American Studies professor gives Boca Mag a History Lesson
Published Nov. 02, 2009
The October issue of Boca Raton Magazine prominently featured Robert Watson, coordinator of Lynn’s American Studies program since 2007, and esteemed author and renowned presidential and political historian, in an exclusive interview with reporter Marie Speed.
In addition to weighing in on questions about the state of the nation – both past and present – Watson also answered some more personal questions, including names the “Top three things in the bucket list.” According to Watson, his bucket list items include: “Taking my kids to the Grand Canyon, a series of lectures in Europe [and taking my kids], and I’d like to sit down and have an hour with Obama.”
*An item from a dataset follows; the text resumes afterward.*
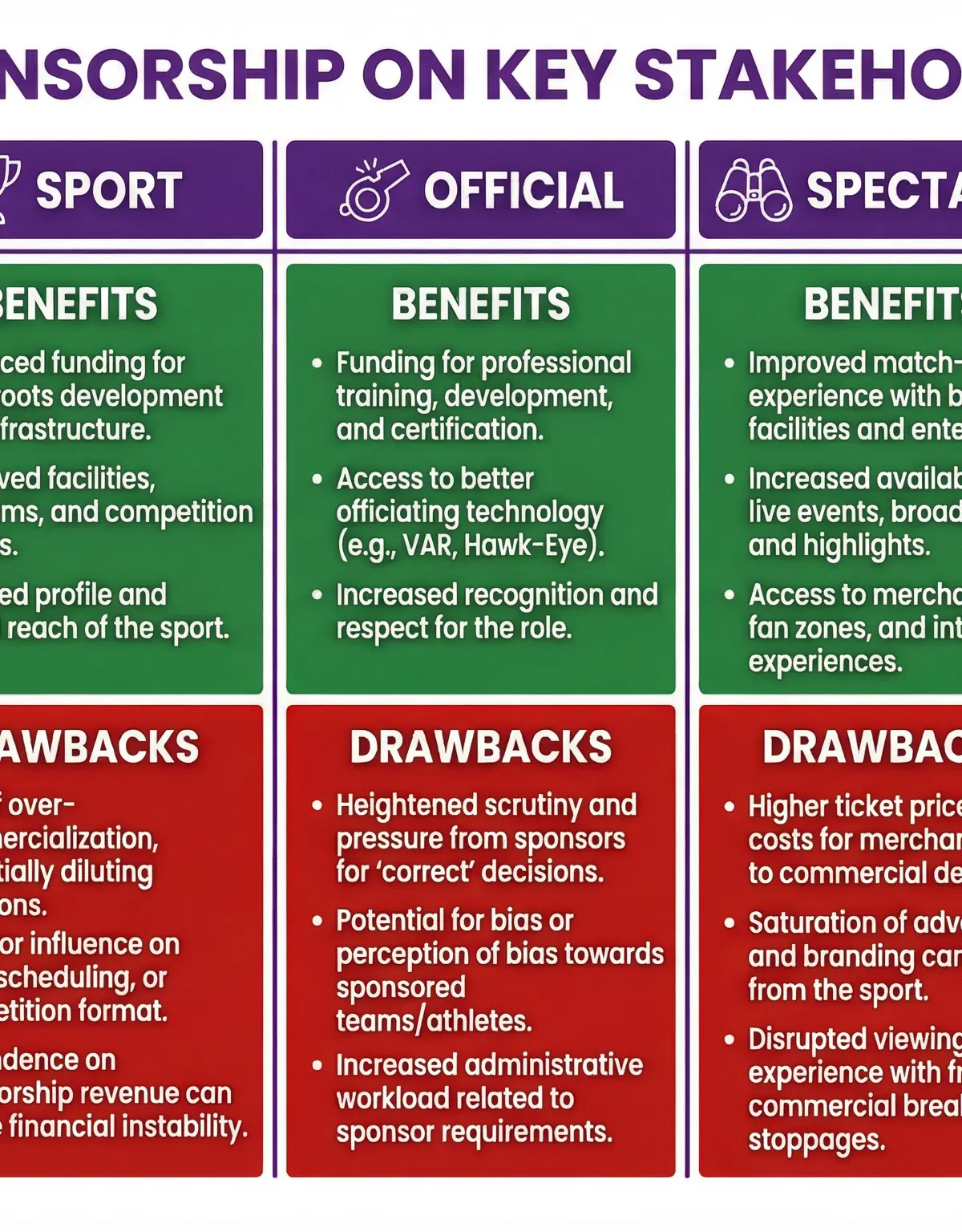 Sponsorship: Benefits and Drawbacks β Physical Education β GCSE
In his interview with Speed, Watson discussed his role as an American Studies scholar and the overall importance of history. He also pointed to the lack of civil discourse, identifying it as America’s greatest threat. Watson even named the individuals he believes are the three best, and the three worst, American presidents in history.
His answer: “The best were Washington, Lincoln and Truman. All three were uneducated, all three were common, all three understood people.” And as for the three worst American presidents, Watson points to Warren Harding, James Buchanan and Andrew Jackson. “All three were poorly read, a bit lazy and a bit thin-skinned; in the presidency you need rhinoceros skin,” said Watson.
Read the full interview in the October issue of Boca Raton Magazine and see more of the exclusive interview online.
Watson is one of the foremost experts and authors on first ladies, presidents, and Florida politics and voting issues. Each year, Watson hosts the American Studies Series on campus that brings politicians and political issues to campus. In this role, Watson is frequently interviewed by local and national TV, print and radio media outlets including CNN, MSNBC, USA Today and The New York Times, addressing topics surrounding the first ladies of today, yesterday and tomorrow, how history may judge President Bush (and the war on terrorism) and how past White House scandals have not affected the nation.